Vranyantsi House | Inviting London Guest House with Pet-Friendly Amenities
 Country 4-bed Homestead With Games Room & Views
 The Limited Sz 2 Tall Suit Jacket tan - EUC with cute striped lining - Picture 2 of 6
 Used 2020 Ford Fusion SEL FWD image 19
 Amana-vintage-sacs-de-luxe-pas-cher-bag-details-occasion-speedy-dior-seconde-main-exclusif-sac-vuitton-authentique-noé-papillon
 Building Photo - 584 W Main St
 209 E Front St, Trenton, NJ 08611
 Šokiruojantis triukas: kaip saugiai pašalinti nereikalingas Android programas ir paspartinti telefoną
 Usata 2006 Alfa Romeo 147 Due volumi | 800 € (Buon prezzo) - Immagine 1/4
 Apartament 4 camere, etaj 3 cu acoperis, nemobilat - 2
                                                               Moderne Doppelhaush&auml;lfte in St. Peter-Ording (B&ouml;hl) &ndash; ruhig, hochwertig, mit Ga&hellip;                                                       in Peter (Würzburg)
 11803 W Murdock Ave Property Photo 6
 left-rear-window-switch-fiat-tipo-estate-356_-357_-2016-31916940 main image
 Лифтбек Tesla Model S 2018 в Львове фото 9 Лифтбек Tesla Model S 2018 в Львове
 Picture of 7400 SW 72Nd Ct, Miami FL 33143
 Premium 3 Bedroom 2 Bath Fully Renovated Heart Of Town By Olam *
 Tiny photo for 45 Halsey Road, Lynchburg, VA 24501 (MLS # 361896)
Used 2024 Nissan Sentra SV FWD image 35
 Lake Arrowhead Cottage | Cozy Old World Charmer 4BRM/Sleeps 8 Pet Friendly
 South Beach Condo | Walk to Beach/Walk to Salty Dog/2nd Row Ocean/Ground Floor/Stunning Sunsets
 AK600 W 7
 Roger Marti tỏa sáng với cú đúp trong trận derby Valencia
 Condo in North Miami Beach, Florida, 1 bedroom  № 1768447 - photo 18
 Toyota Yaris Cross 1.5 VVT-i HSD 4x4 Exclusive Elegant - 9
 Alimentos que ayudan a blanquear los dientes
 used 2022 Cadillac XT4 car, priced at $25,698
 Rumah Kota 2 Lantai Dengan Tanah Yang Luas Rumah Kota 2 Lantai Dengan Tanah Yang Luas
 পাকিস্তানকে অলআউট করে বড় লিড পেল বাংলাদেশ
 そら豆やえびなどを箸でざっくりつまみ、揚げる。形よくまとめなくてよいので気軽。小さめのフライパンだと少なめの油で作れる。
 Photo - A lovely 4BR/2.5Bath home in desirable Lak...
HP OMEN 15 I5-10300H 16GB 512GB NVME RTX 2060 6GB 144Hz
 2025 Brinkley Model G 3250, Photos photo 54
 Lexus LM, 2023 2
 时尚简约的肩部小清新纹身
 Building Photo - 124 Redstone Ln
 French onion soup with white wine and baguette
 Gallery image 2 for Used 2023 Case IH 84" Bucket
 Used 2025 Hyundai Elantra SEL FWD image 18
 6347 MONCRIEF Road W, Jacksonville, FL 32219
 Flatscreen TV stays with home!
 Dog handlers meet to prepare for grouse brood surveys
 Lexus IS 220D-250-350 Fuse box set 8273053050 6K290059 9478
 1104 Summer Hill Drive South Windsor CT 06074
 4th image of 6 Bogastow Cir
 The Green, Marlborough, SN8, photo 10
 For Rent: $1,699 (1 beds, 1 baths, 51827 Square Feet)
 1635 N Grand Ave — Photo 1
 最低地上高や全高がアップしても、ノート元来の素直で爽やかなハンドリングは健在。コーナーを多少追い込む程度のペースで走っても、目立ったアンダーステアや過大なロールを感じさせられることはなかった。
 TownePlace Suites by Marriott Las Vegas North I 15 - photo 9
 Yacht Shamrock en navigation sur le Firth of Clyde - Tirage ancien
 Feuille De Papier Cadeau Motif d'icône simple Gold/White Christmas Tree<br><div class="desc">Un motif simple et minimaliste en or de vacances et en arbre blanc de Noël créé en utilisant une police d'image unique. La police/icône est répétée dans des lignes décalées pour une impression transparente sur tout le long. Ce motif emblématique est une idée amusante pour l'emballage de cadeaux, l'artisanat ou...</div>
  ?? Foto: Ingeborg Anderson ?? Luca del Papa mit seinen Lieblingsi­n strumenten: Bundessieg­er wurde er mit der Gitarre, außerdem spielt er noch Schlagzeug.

Exercise — Each line of the material above that includes the word "Model" counts once; give the total number alone.

Expected output — 2